>>>>
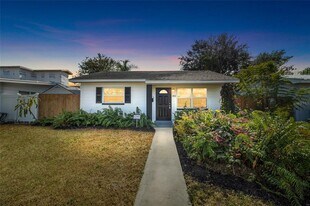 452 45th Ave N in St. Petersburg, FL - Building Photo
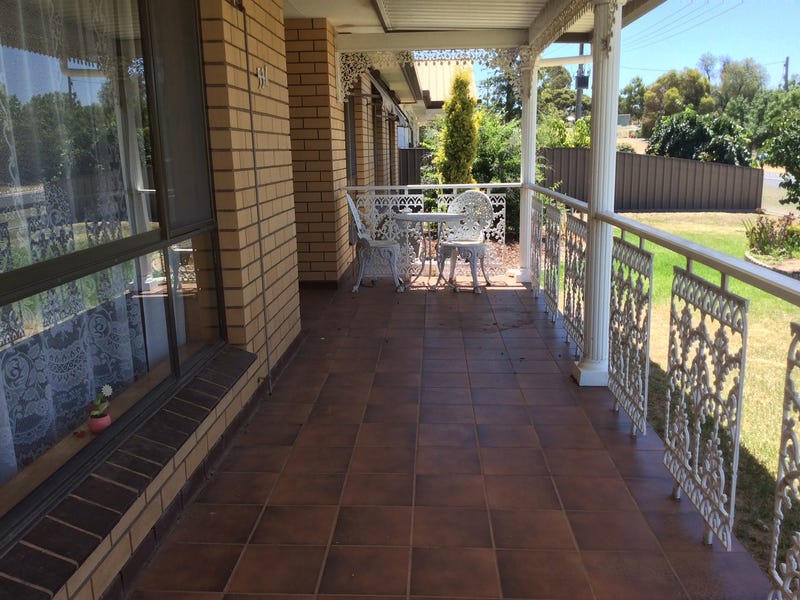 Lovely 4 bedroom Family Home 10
<<<<
>>>>
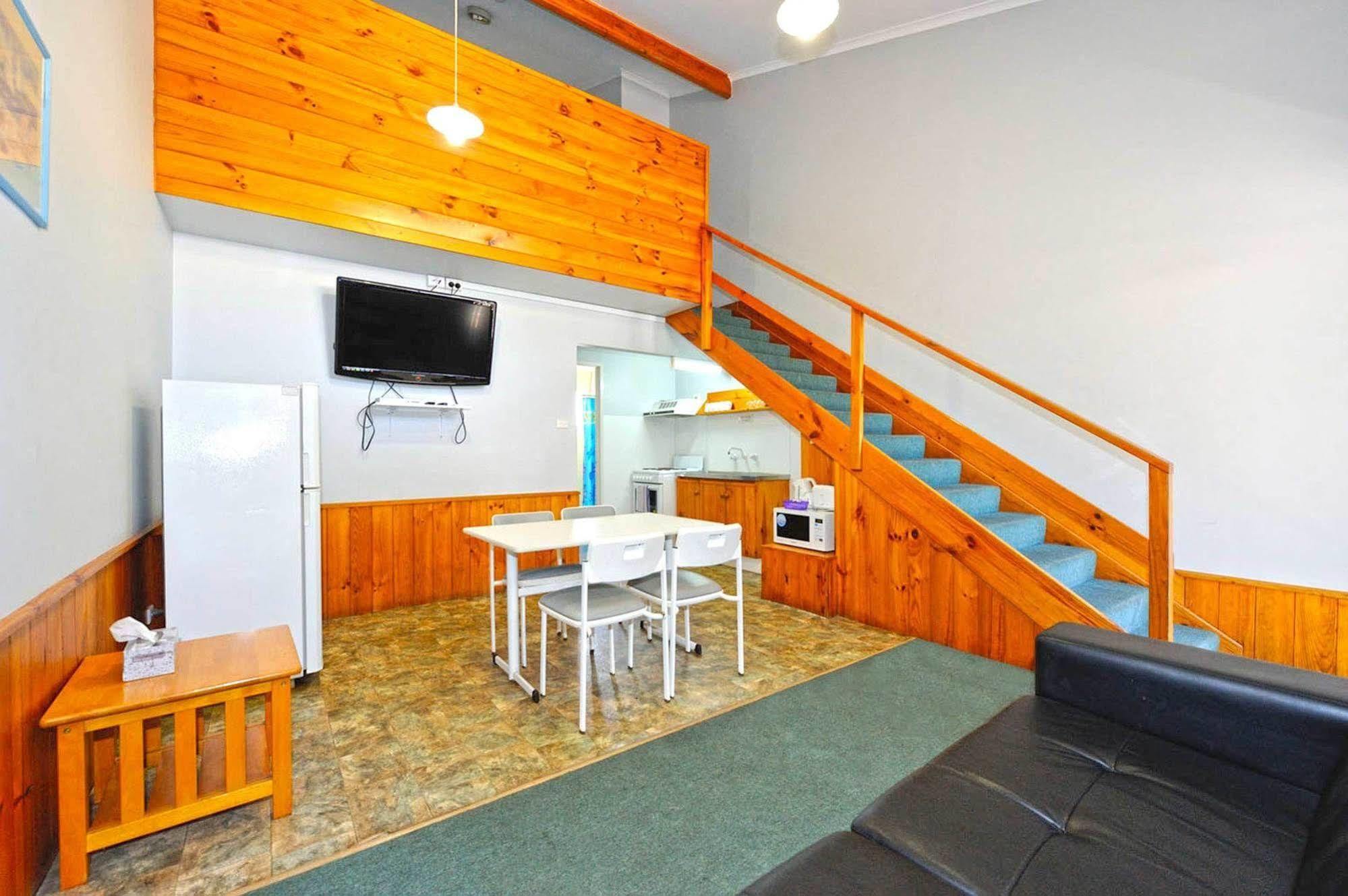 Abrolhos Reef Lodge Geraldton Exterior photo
<<<<
-- Exercise prompt --
Using the entries above, transcribe exactly from the line that has "452 45th Ave" through the line that has "Lovely 4 bedroom Family Home 10". Pictures are dropped.

-- Written answer --
 452 45th Ave N in St. Petersburg, FL - Building Photo
 Lovely 4 bedroom Family Home 10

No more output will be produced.